For example, our friends on the media side can give us insights into what's happening in the marketplace, which can help inform things we do down the funnel, and vice versa. There’s a lot of collaboration and sharing because there's so much data across the board where we are. And listen, it's always going to be a little disparate—everyone's got different pieces and angles—but I think the beauty of it is that everyone brings a unique piece to the table.

It's about prioritizing the main things you're going after. You can get lost in the data and overanalyze, so balancing expertise with customer knowledge and supporting data is key in a large organization like ours.

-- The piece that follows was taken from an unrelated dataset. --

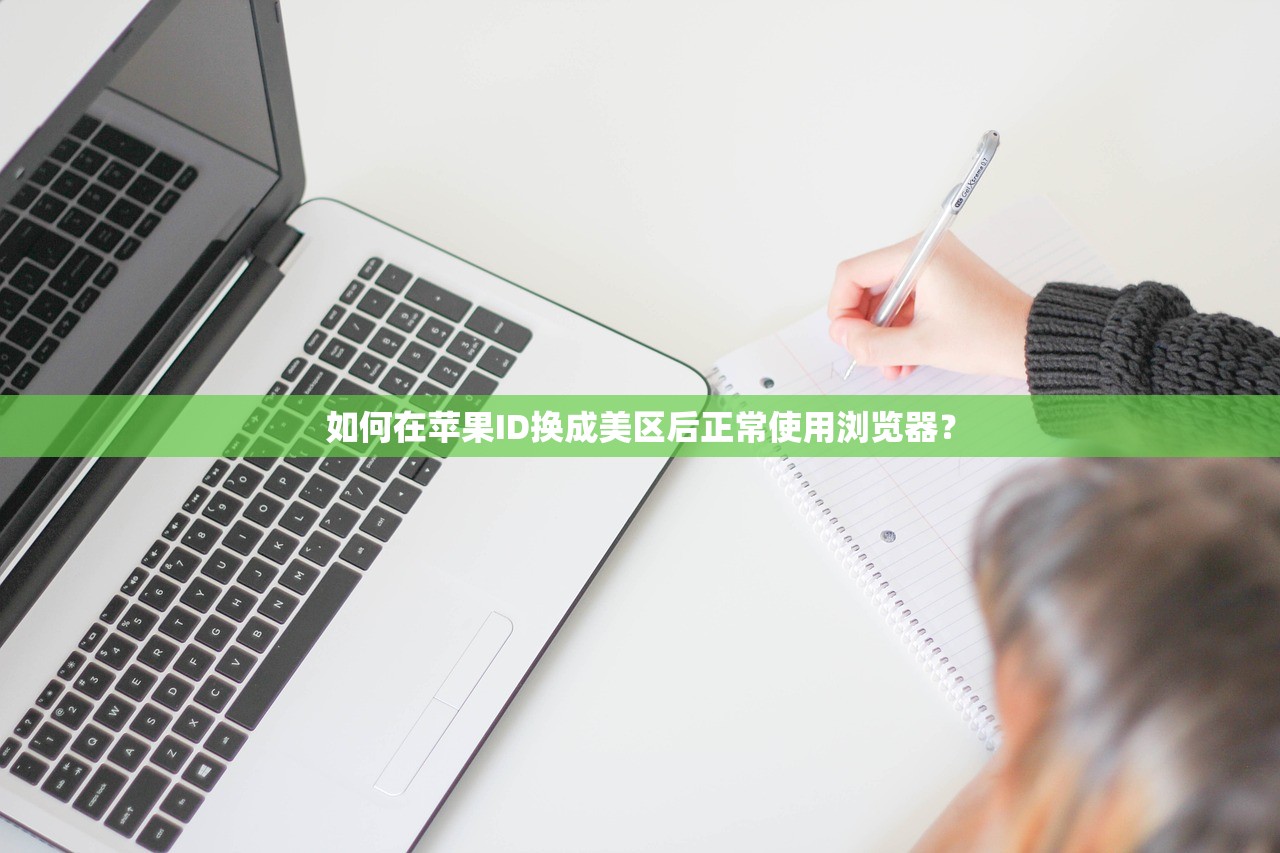 如何在苹果ID换成美区后正常使用浏览器？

Dom Nicastro: I don't know what you're talking about, Phil, overanalyzing data. I don't refresh articles every half-day to see who's reading them. No, I don't do anything of the sort. But no, you're right. The phrase "paralysis by analysis" comes to mind. You can get into a bad groove where you're drowning in the data, and you forget to talk to customers and have focus groups with them. That's a good question too—how do you feel like you connect to customers? Because in such a big company with so many customers in the database, how do you make those intimate connections where you truly understand the customer’s needs?

Connecting with Customers in a Large Organization

Phil Burrows: There are a couple of different ways, right? We try to plan it out so it’s meaningful, and we take away the most from it. We have customer research teams that we work with on a day-to-day and month-to-month basis to get the right research around things we're pre-planning or new initiatives we’re going after. That's one way.

We also have day-to-day reporting that we look at—we’re all super well-versed in understanding what's going on with business fluctuations, trends, all that.

Then, there’s the other side—how do we stay close to the customer? Digital customers behave differently than someone who goes into a call center or a store. There are similarities, but there are also different purchasing behaviors and motivations between those sets of customers, and hybrids in between. But that doesn’t mean there’s no value. We spend a good amount of time, even though my team is in ecommerce and digital, going out to the stores and saying, "Hey, listen, here’s something we’re struggling with online. How are you thinking about it? What are customers saying when they come to you? How are you selling through it?"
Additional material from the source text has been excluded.